─── Records to process ───
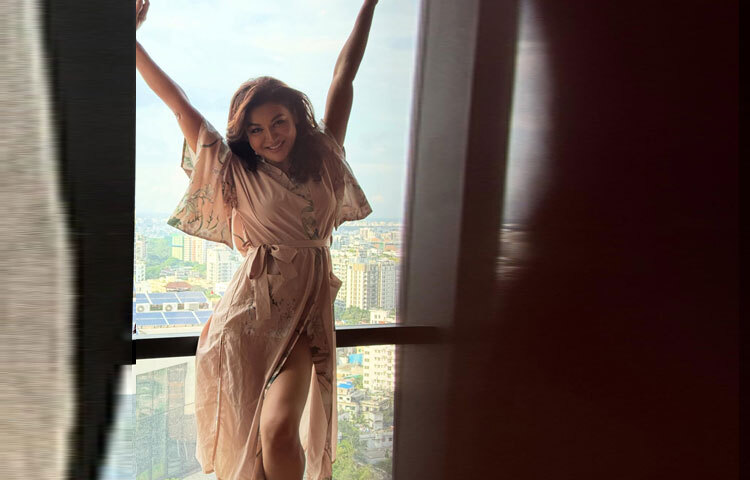 ঢিলেঢালা ফিট, প্রশস্ত হাতা আর কোমরে স্নিগ্ধ বাঁধন-এই ডিজাইন জয়ার লুককে দিয়েছে এক অনাবিল স্বস্তি।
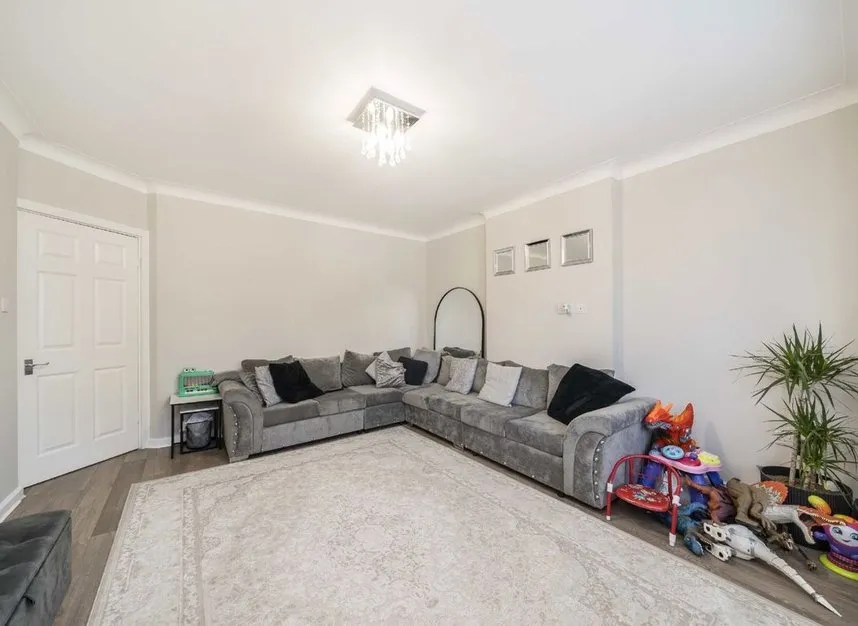 The Drive, Edgware, HA8, photo 2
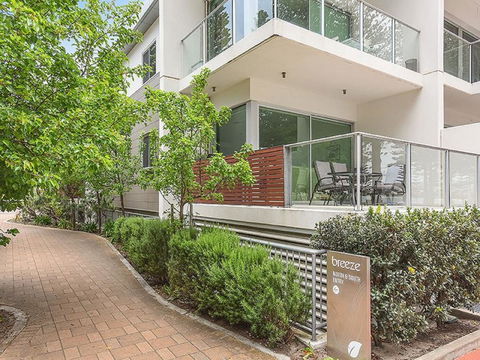 Breeze Beachfront Apartment - South Australia Travel 41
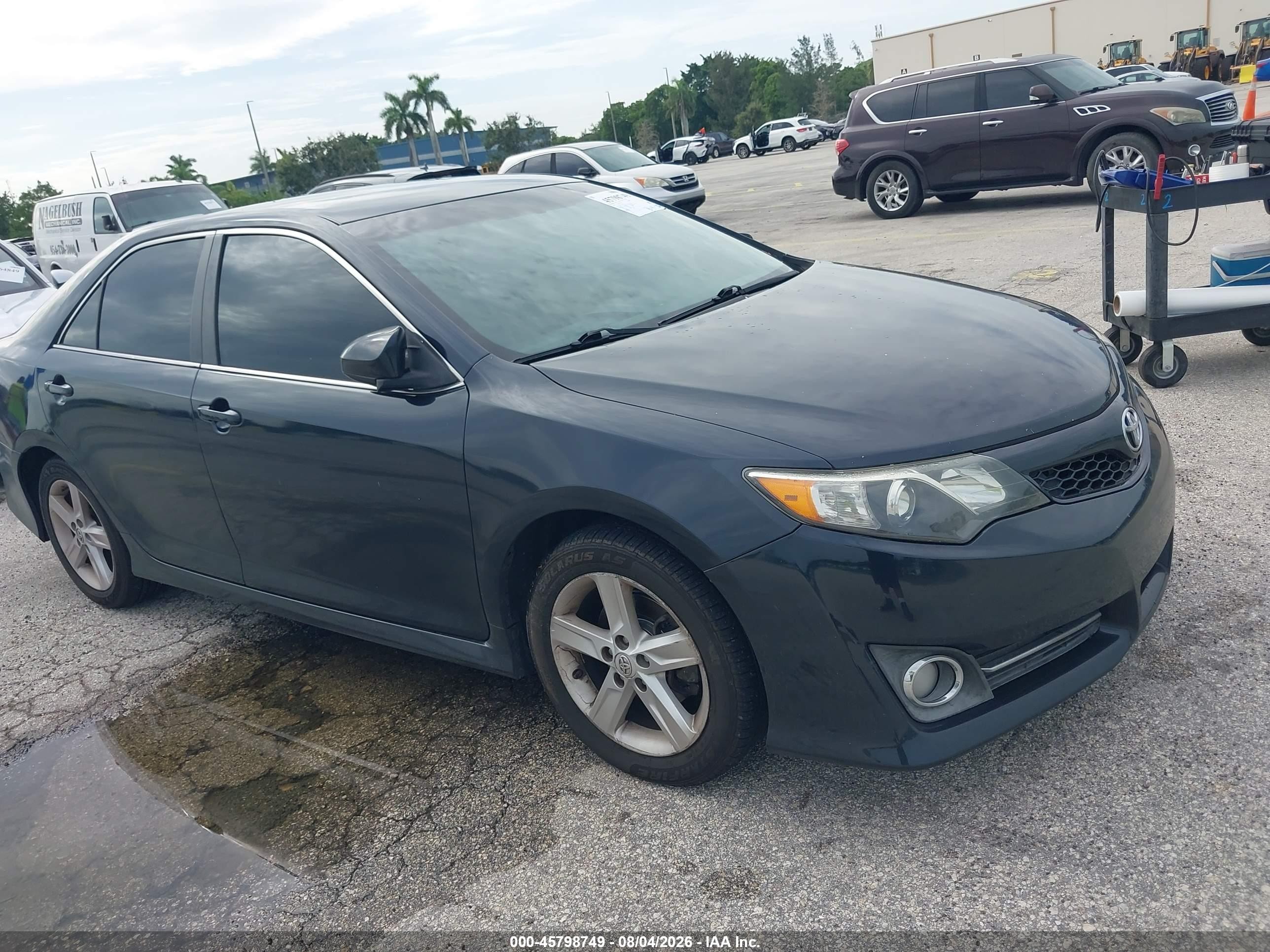 2014 Toyota Camry Se Dark Blue vin: 4T1BF1FKXEU325580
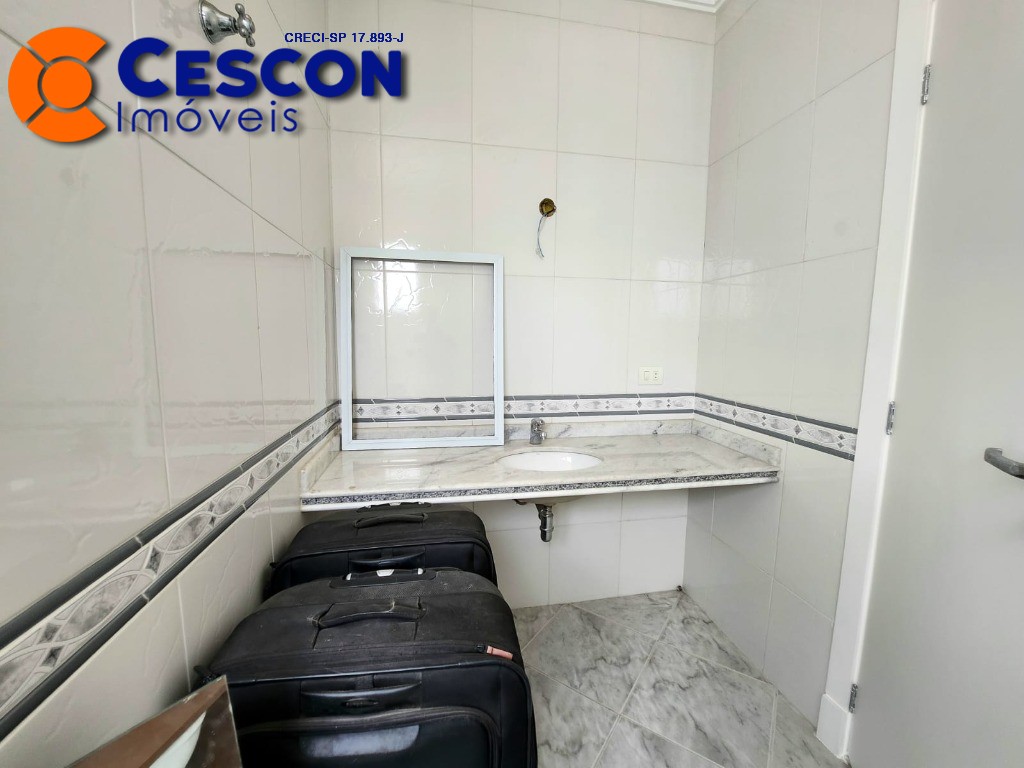 Casa de Condomínio à venda com 4 quartos, 400m² - Foto 47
───
Work order
Print every entry above again without changing a word, and omit the pictures.

Reply
 ঢিলেঢালা ফিট, প্রশস্ত হাতা আর কোমরে স্নিগ্ধ বাঁধন-এই ডিজাইন জয়ার লুককে দিয়েছে এক অনাবিল স্বস্তি।
 The Drive, Edgware, HA8, photo 2
 Breeze Beachfront Apartment - South Australia Travel 41
 2014 Toyota Camry Se Dark Blue vin: 4T1BF1FKXEU325580
 Casa de Condomínio à venda com 4 quartos, 400m² - Foto 47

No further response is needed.